WORK INSTRUCTION — Could you set down exactly the lines of the data below, starting at the one that holds "Hotel pic Fairfield" and ending at the one that holds "сетка на тесте", both included, and only those?

DATA PROVIDED —

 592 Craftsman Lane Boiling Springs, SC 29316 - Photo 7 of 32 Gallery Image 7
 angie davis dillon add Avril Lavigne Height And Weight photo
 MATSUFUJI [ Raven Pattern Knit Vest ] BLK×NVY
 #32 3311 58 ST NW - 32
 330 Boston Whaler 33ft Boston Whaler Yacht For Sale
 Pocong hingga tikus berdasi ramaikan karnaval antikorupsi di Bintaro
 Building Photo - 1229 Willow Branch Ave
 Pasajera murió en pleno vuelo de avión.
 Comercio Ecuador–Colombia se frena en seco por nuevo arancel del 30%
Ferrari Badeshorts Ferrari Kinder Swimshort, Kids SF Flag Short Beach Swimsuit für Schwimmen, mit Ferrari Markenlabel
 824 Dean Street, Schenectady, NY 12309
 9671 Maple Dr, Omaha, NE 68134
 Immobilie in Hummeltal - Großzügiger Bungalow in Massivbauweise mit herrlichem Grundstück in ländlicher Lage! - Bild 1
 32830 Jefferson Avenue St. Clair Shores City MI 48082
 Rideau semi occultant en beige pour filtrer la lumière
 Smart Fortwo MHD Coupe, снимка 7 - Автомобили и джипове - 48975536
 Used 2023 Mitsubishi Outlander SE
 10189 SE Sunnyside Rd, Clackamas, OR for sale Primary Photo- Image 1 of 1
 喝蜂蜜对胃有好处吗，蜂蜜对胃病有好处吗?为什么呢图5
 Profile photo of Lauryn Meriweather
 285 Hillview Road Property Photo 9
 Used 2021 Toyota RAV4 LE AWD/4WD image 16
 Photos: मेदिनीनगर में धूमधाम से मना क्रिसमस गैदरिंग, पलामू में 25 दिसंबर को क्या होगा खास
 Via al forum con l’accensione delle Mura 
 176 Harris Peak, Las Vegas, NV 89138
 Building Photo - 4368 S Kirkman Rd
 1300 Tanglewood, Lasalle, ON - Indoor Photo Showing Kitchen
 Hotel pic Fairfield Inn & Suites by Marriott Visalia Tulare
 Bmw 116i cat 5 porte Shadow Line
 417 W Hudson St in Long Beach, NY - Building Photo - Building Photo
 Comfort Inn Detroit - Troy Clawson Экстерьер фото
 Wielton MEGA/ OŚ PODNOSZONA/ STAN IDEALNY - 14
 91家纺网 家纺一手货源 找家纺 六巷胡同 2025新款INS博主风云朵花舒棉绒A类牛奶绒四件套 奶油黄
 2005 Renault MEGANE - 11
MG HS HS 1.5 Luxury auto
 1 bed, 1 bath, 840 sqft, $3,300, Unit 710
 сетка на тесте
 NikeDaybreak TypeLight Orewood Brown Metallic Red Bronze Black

TASK OUTPUT —
 Hotel pic Fairfield Inn & Suites by Marriott Visalia Tulare
 Bmw 116i cat 5 porte Shadow Line
 417 W Hudson St in Long Beach, NY - Building Photo - Building Photo
 Comfort Inn Detroit - Troy Clawson Экстерьер фото
 Wielton MEGA/ OŚ PODNOSZONA/ STAN IDEALNY - 14
 91家纺网 家纺一手货源 找家纺 六巷胡同 2025新款INS博主风云朵花舒棉绒A类牛奶绒四件套 奶油黄
 2005 Renault MEGANE - 11
MG HS HS 1.5 Luxury auto
 1 bed, 1 bath, 840 sqft, $3,300, Unit 710
 сетка на тесте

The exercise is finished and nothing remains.